[What you should do]: In the records below, the line with "Crane construction apron" opens the range and the line with "A Victorian mahogany" closes it; print that range exactly and nothing else.

Data excerpts
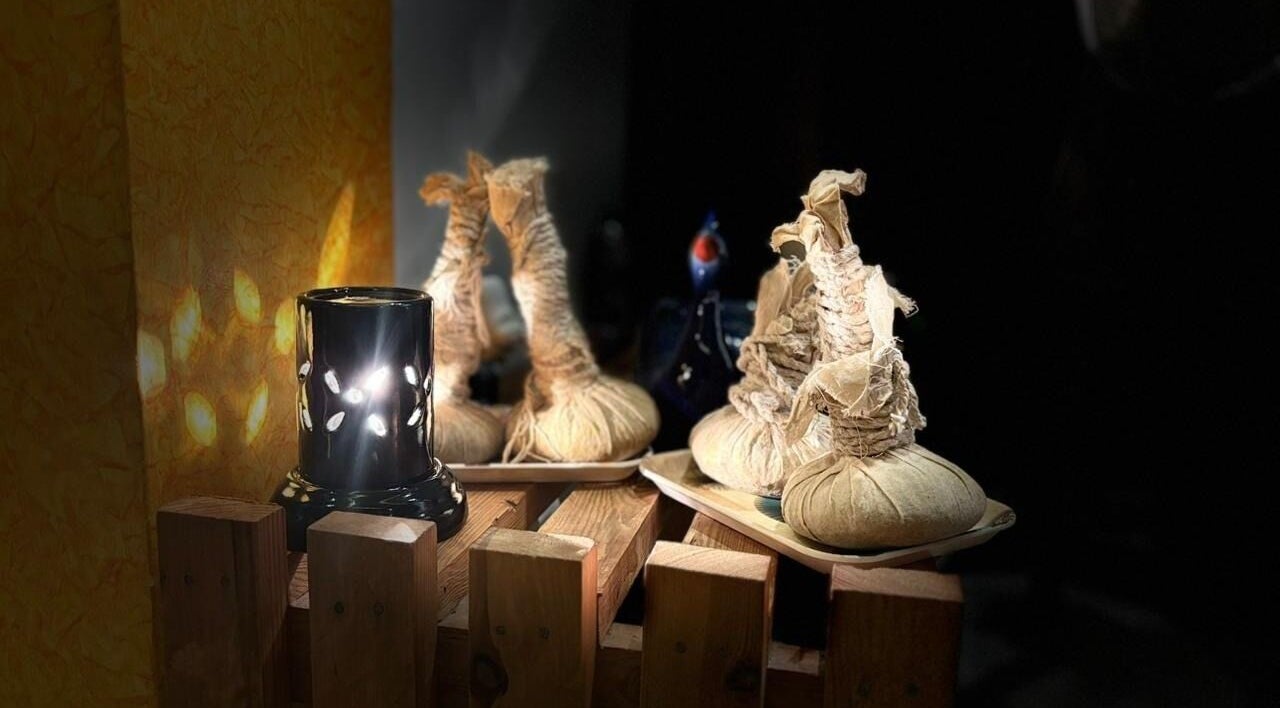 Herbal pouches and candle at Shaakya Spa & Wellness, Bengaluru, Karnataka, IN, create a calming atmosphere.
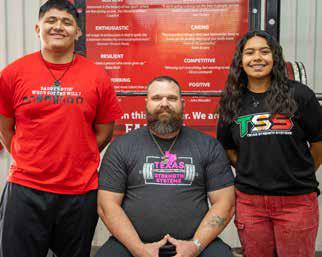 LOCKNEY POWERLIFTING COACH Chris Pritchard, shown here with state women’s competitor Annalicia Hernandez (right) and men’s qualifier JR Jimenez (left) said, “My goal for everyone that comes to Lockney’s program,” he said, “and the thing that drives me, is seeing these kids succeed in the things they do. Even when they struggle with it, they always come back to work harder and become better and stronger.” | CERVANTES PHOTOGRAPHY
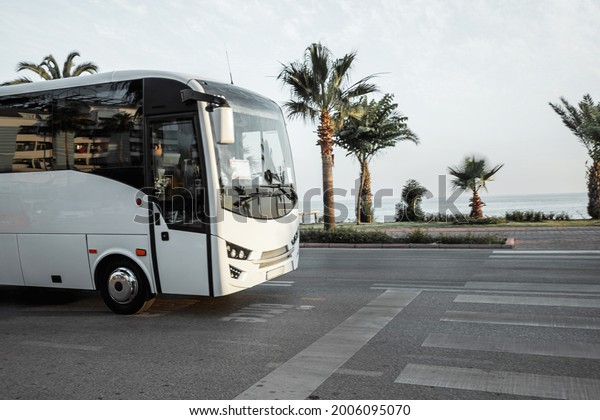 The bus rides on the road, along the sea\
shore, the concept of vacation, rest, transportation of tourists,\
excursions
---
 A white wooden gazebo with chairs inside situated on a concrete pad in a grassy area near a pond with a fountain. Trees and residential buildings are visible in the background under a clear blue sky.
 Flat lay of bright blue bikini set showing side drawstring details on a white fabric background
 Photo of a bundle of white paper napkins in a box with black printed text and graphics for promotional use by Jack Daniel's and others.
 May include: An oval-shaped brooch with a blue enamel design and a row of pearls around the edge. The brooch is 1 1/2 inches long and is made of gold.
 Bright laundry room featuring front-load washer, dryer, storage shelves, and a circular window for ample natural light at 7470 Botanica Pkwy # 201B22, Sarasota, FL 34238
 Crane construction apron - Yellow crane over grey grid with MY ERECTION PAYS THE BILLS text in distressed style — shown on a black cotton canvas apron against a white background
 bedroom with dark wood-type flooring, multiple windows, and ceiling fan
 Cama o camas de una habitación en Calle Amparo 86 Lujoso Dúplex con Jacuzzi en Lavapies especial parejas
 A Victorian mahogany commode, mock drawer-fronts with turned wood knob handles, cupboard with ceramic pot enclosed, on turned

[Reply to the exercise]:
 Crane construction apron - Yellow crane over grey grid with MY ERECTION PAYS THE BILLS text in distressed style — shown on a black cotton canvas apron against a white background
 bedroom with dark wood-type flooring, multiple windows, and ceiling fan
 Cama o camas de una habitación en Calle Amparo 86 Lujoso Dúplex con Jacuzzi en Lavapies especial parejas
 A Victorian mahogany commode, mock drawer-fronts with turned wood knob handles, cupboard with ceramic pot enclosed, on turned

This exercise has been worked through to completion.